Politics
CA Bill Aims to End Freeway Expansion because it’s ‘Racist’ and ‘Not Green’
California is fighting yet another nonsensical battle, outlawing the construction of new freeway lanes, and the reason is beyond asinine. In essence, putting tax dollars into new lanes of highway is both racist and not green.
That’s because the money could be going towards “green projects” that achieve both “racial equality and climate goals” reports The Washington Examiner. This week the Assembly Transportation Committee passed a bill that targets areas with a lower standard of living on the Healthy Places Index.
The bill’s author, Cristina Garcia, also a Los Angeles Democrat, says creating new freeways is racist because it displaces low-income residents from their homes. Garcia said in the committee hearing Monday, that the residents live in those areas because it’s all they can afford.
The Healthy Places Index measures “standards such as healthcare, housing, and education.” However, only “the San Francisco Bay area, Sacramento, and most coastal communities rated highly.”
Analysis of the bill claims it is “addressing inequities through environmental justice” because freeways were mapped through black and brown communities after WWII. Therefore, minority communities are exposed to more air pollution caused by vehicles than white Californians.
“It is outrageous and feels criminal to use state resources to choke and displace communities like mine when the data and research clearly show that this practice is just another example of the systemic racism that is normalized in our policies and practices,” Garcia stated.

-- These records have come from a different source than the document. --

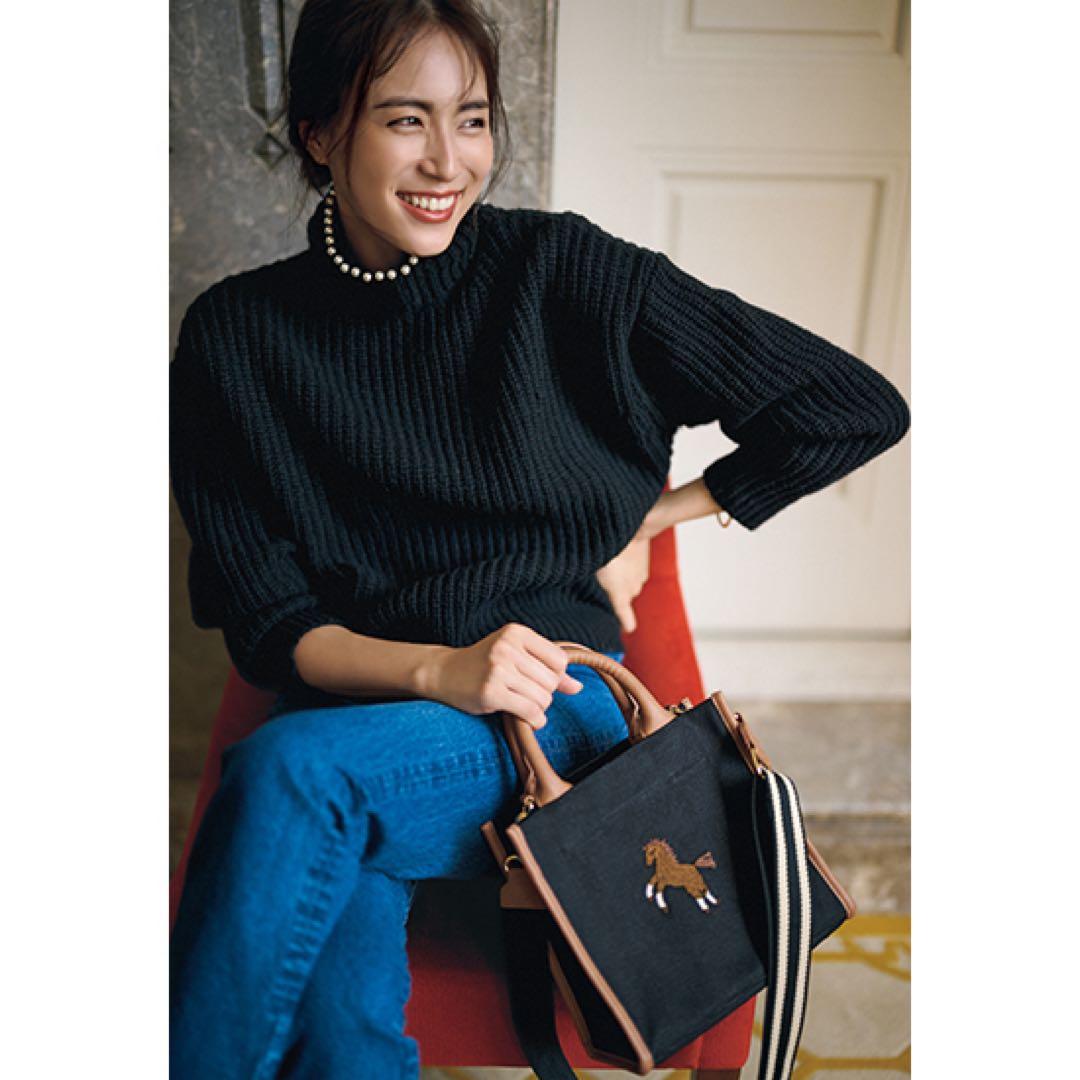 セブンテン♡ VERY別注　ネックパールタートルニット　トップス　黒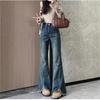 2025 Women's High Waist Bell Bottom Jeans: Stretchy Blue-Gray Raw Hem with Slit for Long-Leg Look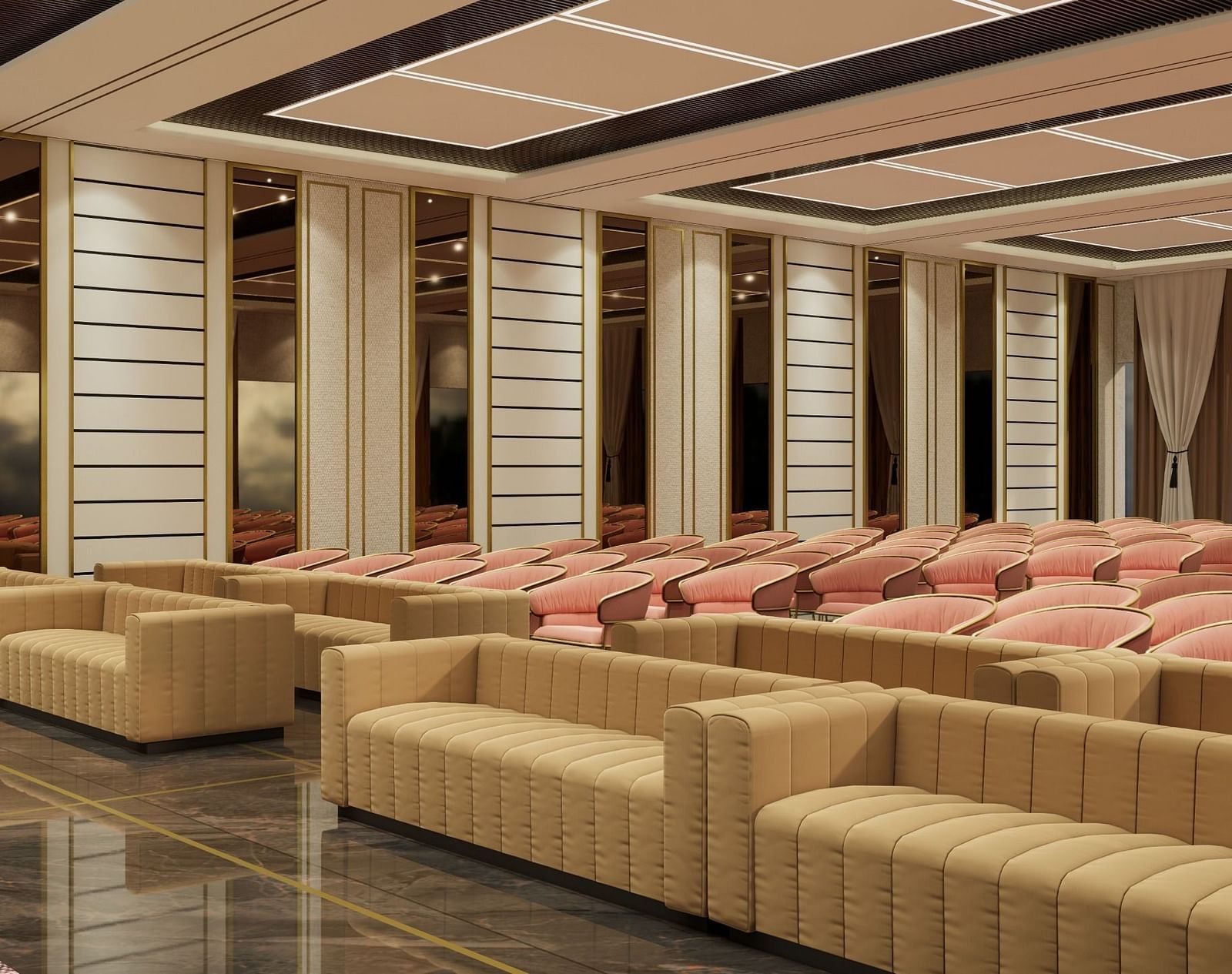 A spacious lounge with plush beige seating, warm lighting, and a modern ceiling design at Town Square Suites.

The Washington Examiner reports on the history of the highway expansion:
Although the bill passed 8-3 along party lines, it was not supported by two Democratic committee members who abstained. Their constituents have benefited from the state’s largest ongoing freeway widening project that started at the Long Beach border and will end in southern Orange County.
The $2 billion widening of the I-405 freeway started in 2018 and will take another two years to complete. It was funded mostly by a half-cent sales tax increase approved by Orange County voters and will create 16 new lane miles on a freeway that is among the most congested in the nation.
State taxes contributed $90 million to the project, and two committee members from that area wondered if it would be completed if the bill becomes law. Garcia wasn’t aware of these details when questioned by Democrat Tom Daly, whose district benefits from it .
His constituents, who are in the minority group identified in the bill, overwhelmingly
supported improvements on a different freeway as well. Daly said the state already has pollution control law, then asked, “What are the specifics for folks that they are promised something and reneged?”
“I don’t know if they were promised anything,” Garcia responded.